Wow. Our experiment is off to a great start—let's see if we can finish it off sooner than expected.
I was, uncharacteristically, modestly optimistic on Friday about last week's deal to save the eurozone. Britain's opt-out, I said, actually made it more likely that everyone else would approve the deal, and maybe that consensus would help to calm markets, at least for a while.
Then again, maybe not:
The deal reached at the emergency European summit meeting in Brussels last Friday was supposed to cement a consensus for better fiscal discipline and reassure the financial markets about the European Union’s resolve. By Wednesday, it was clearly not convincing investors.
…At least four more European Union members—none of them using the euro—have expressed reservations about the agreement, which only Britain definitively opposed at the summit meeting. Some leaders said in Brussels that they wanted to consult their parliaments. Hungary, Sweden, Denmark and the Czech Republic now say they want to see the text of the proposed treaty, which is meant to enforce strict limits both on members’ annual budget deficits and on their cumulative debts, before fully committing themselves. France and Germany hope to have a draft of the treaty approved by the end of March and ratified by the end of 2012.
The fiscal strictures are meant to prevent future crises, but the financial markets appear to be much more focused on whether the euro zone nations will put their money where their mouths are now, when they say they will defend the euro and its members.

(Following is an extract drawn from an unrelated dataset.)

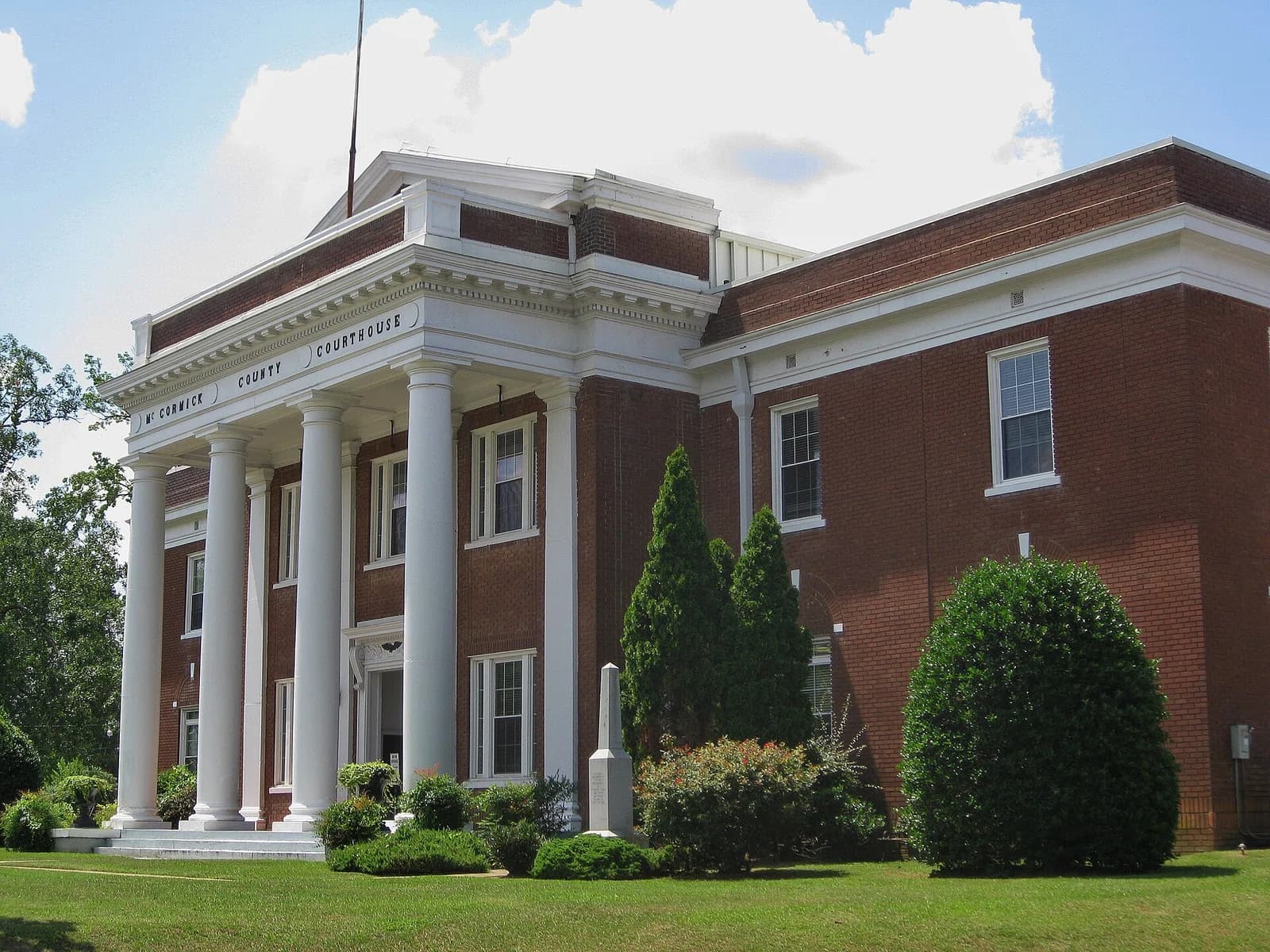 McCormick County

Frankly, I think the deal would have been better if it had been limited solely to eurozone countries. I mean, what are the odds that any country that doesn't use the euro (and doesn't plan to) would agree to give the EU a veto over its national budget?
But that aside, it looks like investors are no more willing to be sold a bill of goods than they ever have. In the short term, the problem is that Europe needs a massive infusion of rescue funds and it needs the ECB to act as lender of last resort. Neither of those things is part of the deal. And in the long term, it's not budget deficits Europe needs to worry about, it's trade and capital flow imbalances. The deal doesn't address that either, and no wonder. Cutting deficits is, relatively speaking, fairly simple. (Not easy, but at least conceptually simple.) But rebalancing trade flows? I'm not sure anyone even knows how to do that. The normal mechanism is via currency devaluations, but within the eurozone that's obviously not a possibility.

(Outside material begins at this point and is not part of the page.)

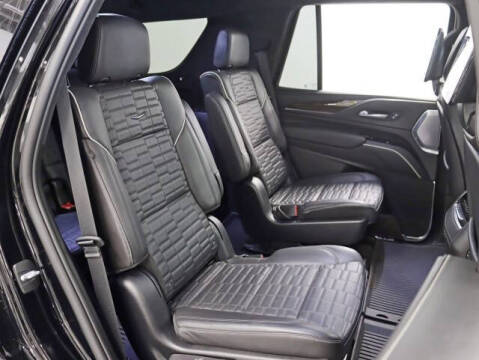 2023 Cadillac Escalade Sport Platinum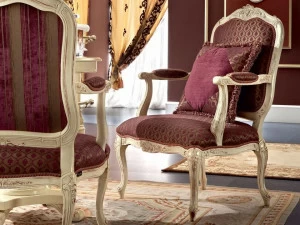 Modenese Gastone Мягкое кресло с подлокотниками Bella vita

This is Europe's biggest problem. The ECB could put out the short-term fire if it agreed to guarantee periphery debt. That's a political nonstarter right now, but at least everyone knows it's an option if things really start to implode next year. But trade and capital flow balancing? Nobody even has a clue what to do about that. But without it, future crises and future bailouts are inevitable.
It's no wonder the eurocrats are desperately clinging to budget austerity as the answer to their problems. It's like the drunk looking for the car keys under the street light. The answer isn't there, but at least the light is better.